Banking Awareness 22: RBI Functions-Regulations of banks

Are you willing to know the detailed information about the RBI Functions-Regulations of banks? Here is the article which provides you the detailed information about the RBI Functions-Regulations of banks. The main purpose of the RBI is to conduct consolidated supervision of the financial sector in India, which is made up of the commercial banks, financial institutions, and non-banking finance firms. The RBI acts as a regulator and Supervisor of the overall financial system.

These are the most important functions of RBI is to work as a regulator and supervisor of the financial system. The financial system in India includes commercial banks, Regional Rural Banks, Local Area Banks, Cooperative Banks, Financial Institutions including Development Financial Institutions and Non-Banking Financial Companies.

RBI derives its regulating powers for Indian Banking System from the Provisions of the Banking Regulation Act 1949. For other Entities, it derives power from the RBI Act, 1934. The objectives of these functions are to protect the interest of the depositors and maintain the safety and soundness of the banking and Financial Systems of the country.

Later Various Departments have been created for effective Supervisory Functions, such as:-

  • Department of Banking Operations and Development (DBOD) frames regulations for commercial banks.
  • Department of Banking Supervision (DBS) undertakes supervision of commercial banks, including the local area banks and all-India financial institution.
  • Department of Non-Banking Supervision (DNBS) regulates and supervises the Non-Banking Financial Companies (NBFCs).
  • Urban Banks Department (UBD) regulates and supervises the Urban Cooperative Banks (UCBs).
  • Regulation of Regional Rural Banks (RRBs) and the Rural Cooperative Banks is done by Rural Planning and Credit Department (RPCD); while the supervision of these comes under NABARD.

Licensing Requirements:-

To do a Business of Commercial Banking in India, Whether it is India (or) a Foreign, a License from RBI is Required.
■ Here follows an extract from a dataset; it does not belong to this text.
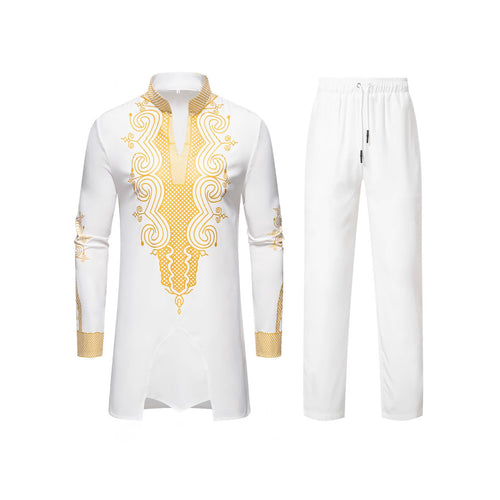 Herren Traditionelles besticktes Tunika‑Set mit Mandarinkragen und elastischer Hose Drune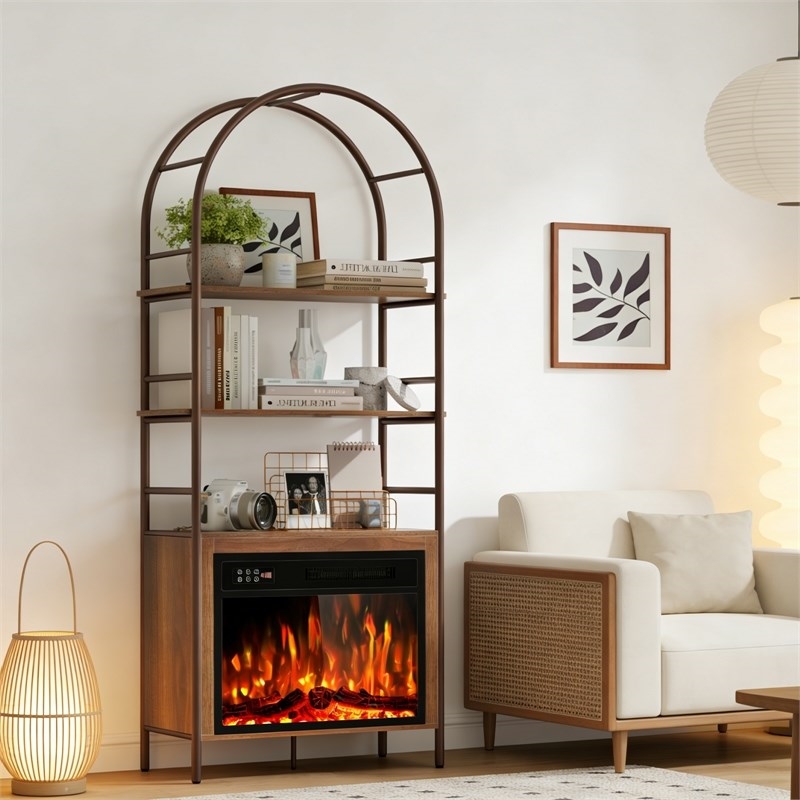 Afuera Living 72-Inch Brown Arched Bookshelf with Electric Fireplace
Opening of Branches is handled by the branch Authorization Policy. At present, Indian Banks no longer require a license from the Reserve Bank for Opening a branch at a place with a population of below 50,000.

Corporate Governance in Banks:-

One of the Policy objectives of RBI is to ensure high-quality corporate in banks. RBI has issued guidelines for fit and proper criteria for director of banks. One of these guidelines is that the Directors of the banks should have Special knowledge/ experience in the various banking related areas. RBI can also appoint additional directors to the board of banking company.

Statutory Pre-Emptions:-

Each Commercial Bank is required to maintain a certain portion of their Net Demand and Time Liabilities(NDTL) in the forms of cash with the Reserve Bank, called Cash Reserve Ratio and in the form of investment in approved Securities, called Statutory Liquidity Ratio. These are called as Statutory Pre-emptions.

Interest Rates:-

The interest rates on most of the categories of deposits and lending transactions have been deregulated and are largely determined by banks. Reserve Bank regulates the interest rates on savings bank accounts and deposits of non-resident Indians (NRI), small loans up to rupees two lakh, export credits and a few other categories of advances.

Prudential Norms:-

Prudential Norms refers to ideal/responsible norms maintained by the banks.RBI Issues "Prudential Norms" to be followed by the Commercial banks to strengthen the balance sheets of banks. Some of them are related to income recognition, asset classification and provisioning, capital adequacy, investments portfolio, and capital market exposures.

Disclosure Norms:-

One of the important tools for marketing discipline is to maintain public disclosure of relevant information. As per RBI’s directives, the banks are required to make disclosures of their annual reports and some other documents about their capital adequacy, asset quality, liquidity, earnings aspects and penalties imposed on them by the regulator.

Anti-Money Laundering Norms:-

KYC Norms Anti Money Laundering and Combating Financing of Terrorism guidelines are some of the major issues on which RBI keeps issuing its norms and guidelines.

Protection of small Depositors:-

RBI has set up the Deposit Insurance and Credit Guarantee Corporation (DICGC) to protect the interest of small depositors, in case of bank failure. The DICGC provides insurance cover to all eligible bank depositors up to Rs.1 lakh per depositor per bank.

Para-Banking Activities:-

Para banking activities are those activities which don't come under the traditional banking activities. Examples of such activities are asset management, mutual funds business, insurance business, merchant banking activities, factoring services, venture capital, card business, equity participation in venture funds and leasing.

Annual Onsite Inspection:-

RBI undertakes an annual on-site inspection of banks to assess their financial health and to evaluate their performance in terms of quality of management, capital adequacy, asset quality, earnings, liquidity position as well as internal control systems. Based on the findings of the inspection, banks are assigned supervisory ratings based on the CAMELS rating.

OSMOS:-

OSMOS refers to off-site surveillance and Monitoring System. The RBI requires banks to submit detailed and structures information periodically under OSMOS. on the basis of OSMOS, RBI analyses the health of the banks.